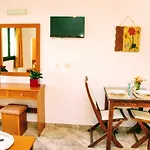Ippoliti Village 3*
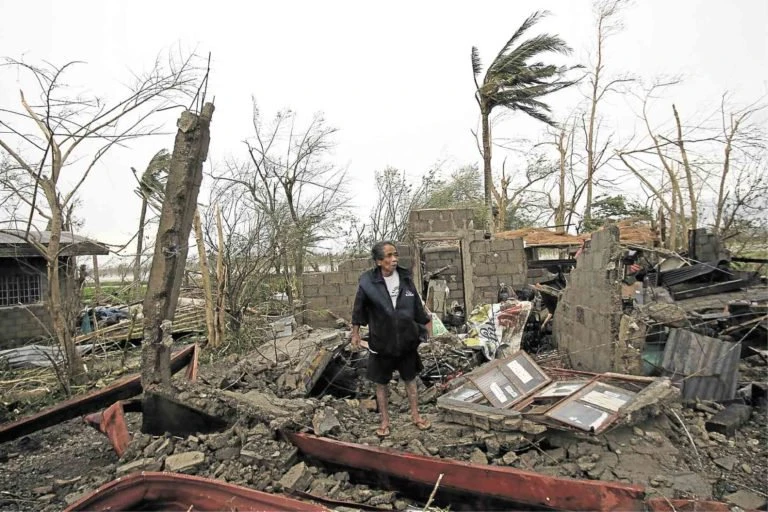 Quang cảnh tan hoang vì bão Mangkhut ở TP Baggao, tỉnh Cagayan (Philippines)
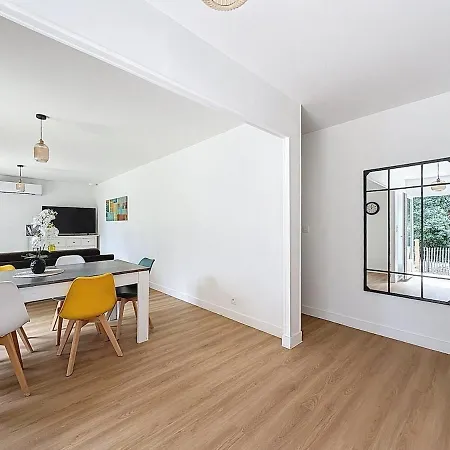 Maison Proche Plages Et Commerces Villa *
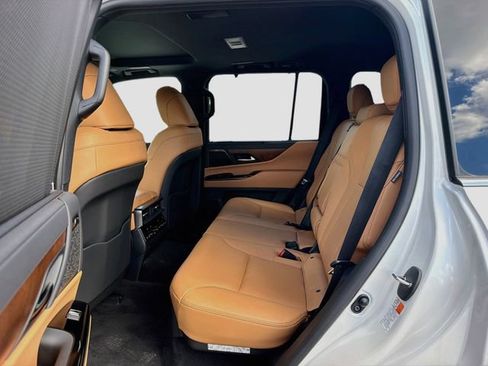 New 2026 Lexus LX 700h Luxury AWD/4WD image 23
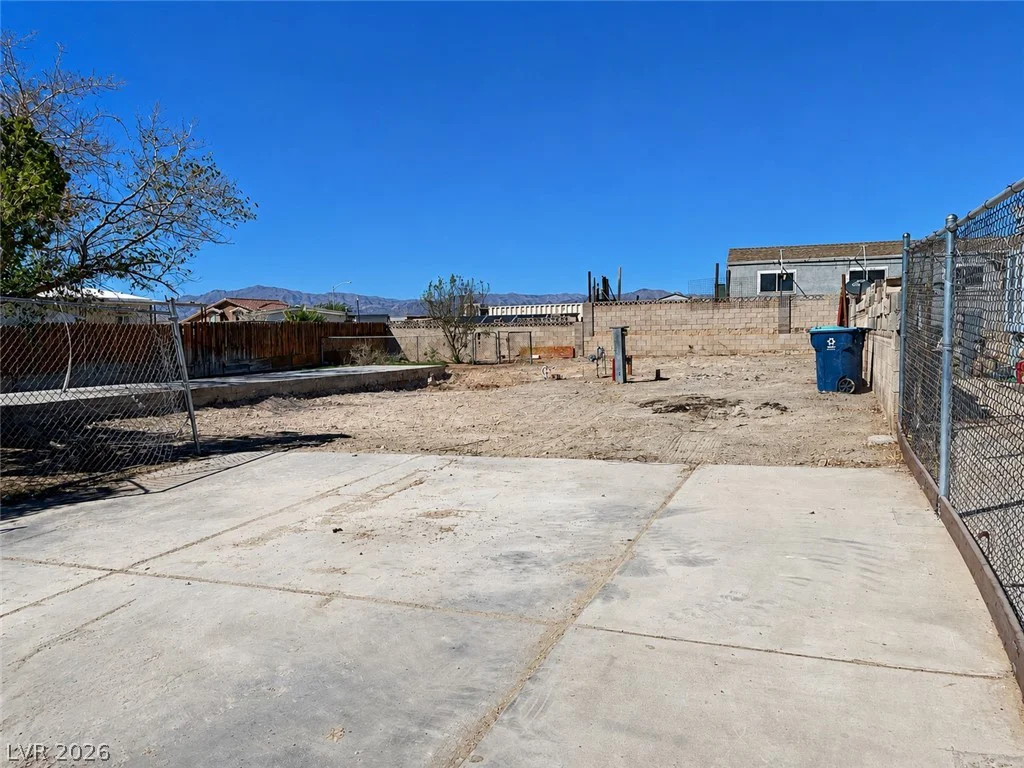 6196 Castlemont, Las Vegas, NV 89156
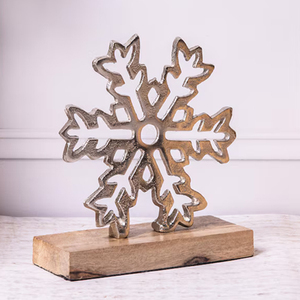 Portavelas de Navidad con Diseño de Copo de Nieve Plateado, Portavelas de Aluminio con Base de Madera de Mango, Decoración Navideña para el Hogar - Product Image 5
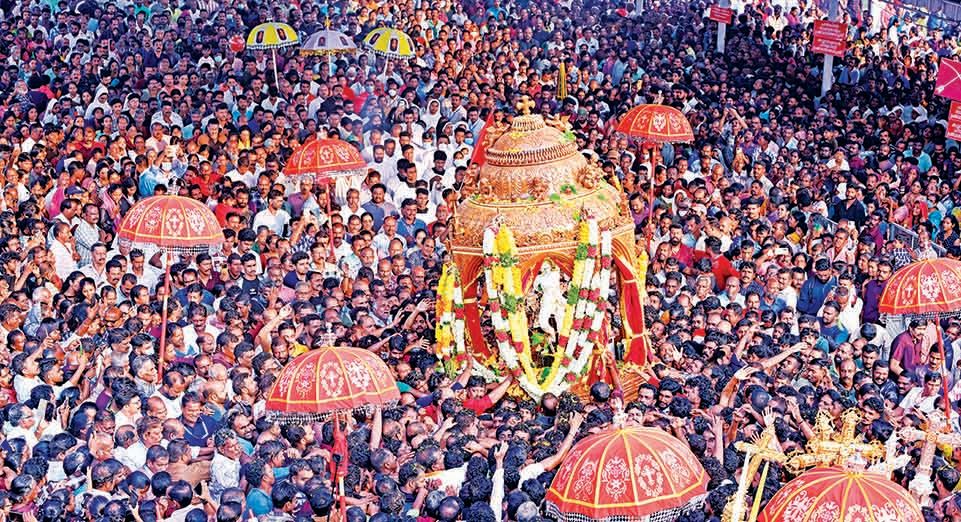 മകരം തിരുനാളിനോട് അനുബന്ധിച്ച് അർത്തുങ്കൽ സെന്റ് ആൻഡ്രൂസ് ബസലിക്കയിൽ വിശുദ്ധ സെബസ്ത്യാനോസിന്റെ തിരുസുരൂപം വഹിച്ച് നടന്ന പ്രദക്ഷിണം      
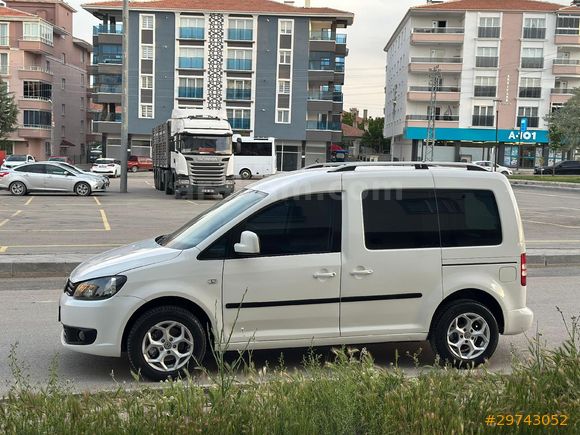 ÇİFT SÜRGÜLÜ 2013 MODEL Caddy 1.6 TDI Trendline Ankara TERTEMİZ BAKIMLI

-=-=-

THE PROBLEM:
Repeat the whole listing above word for word, but keep any picture out of it.

FINISHED EXERCISE:
Ippoliti Village 3*
 Quang cảnh tan hoang vì bão Mangkhut ở TP Baggao, tỉnh Cagayan (Philippines)
 Maison Proche Plages Et Commerces Villa *
 New 2026 Lexus LX 700h Luxury AWD/4WD image 23
 6196 Castlemont, Las Vegas, NV 89156
 Portavelas de Navidad con Diseño de Copo de Nieve Plateado, Portavelas de Aluminio con Base de Madera de Mango, Decoración Navideña para el Hogar - Product Image 5
 മകരം തിരുനാളിനോട് അനുബന്ധിച്ച് അർത്തുങ്കൽ സെന്റ് ആൻഡ്രൂസ് ബസലിക്കയിൽ വിശുദ്ധ സെബസ്ത്യാനോസിന്റെ തിരുസുരൂപം വഹിച്ച് നടന്ന പ്രദക്ഷിണം      
 ÇİFT SÜRGÜLÜ 2013 MODEL Caddy 1.6 TDI Trendline Ankara TERTEMİZ BAKIMLI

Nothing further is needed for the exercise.